This hermeneutics study is an evaluation of the effects of a series of clay research sessions on girls aged from eight to nine demonstrating symptoms of generalised anxiety disorder, as defined in the DSM-IV TR (2000), in a classroom setting. Children with the disorder may be overly conforming, perfectionist, and unsure of themselves. They may end up having to redo tasks because of excessive dissatisfaction with less than perfect performance. They are typically overzealous in seeking approval and require excessive reassurance about their performance and their other worries.

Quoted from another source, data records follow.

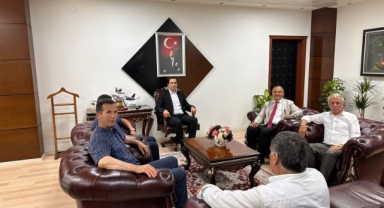 Aydındere Belediye Başkanı Demir'den Bulancak Kaymakamı Tuncer’e Hayırlı Olsun Ziyareti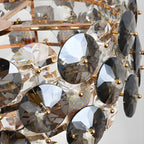 Aalst | Modern Drum Gold Chandelier for Living Room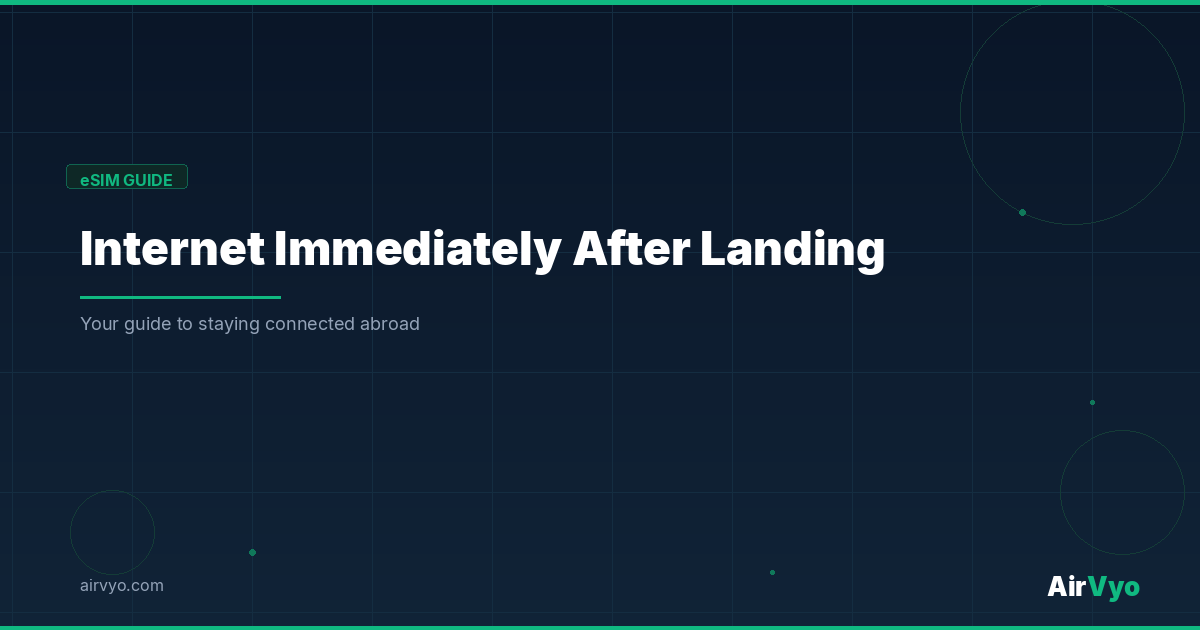 What to Do If You Need Internet Immediately After Landing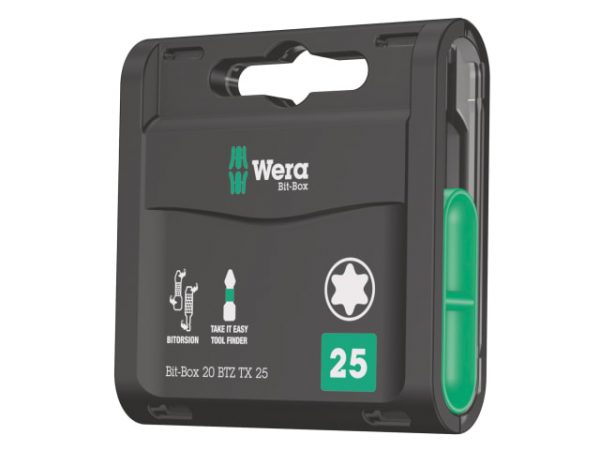 Bit-Box 20 BiTorsion Bits TX25 x 25mm -  20 Piece WER057774 - Image 2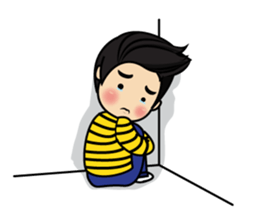 Belle little ducky boy sticker #8434570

The research was carried out over a twelve week period with participants attending sessions once a week. The aims of the research were to: –
a) assess if there were any changes in how they express themselves through their work with clay;
b) assess whether working with this medium resulted in observable changes in the behaviour of the participants in the classroom environment;
c) identify changes in the indicators of anxiety displayed by the participants whilst at school; and
d) identify any changes in how the participants engaged with their teachers and their peer group.
The creations made were evaluated by an independent clay therapist, a strengths and difficulties questionnaire (SDQ) being completed weekly by the teacher and a Screen for Anxiety Related Emotional Disorders (SCARED) questionnaire completed at the beginning middle and end of the study by the teaching assistant.
There was an overall reduction in the scores of the SCARED questionnaires and also in the results of the overall scores of the SDQ’s. This demonstrates that the use of clay in therapy can reduce the anxieties of girls Faged from eight to nine.
The results of the clay research sessions showed patterns emerging from the images. Three predominant themes emerged from the images the participants made these were people/figures, food and cubes.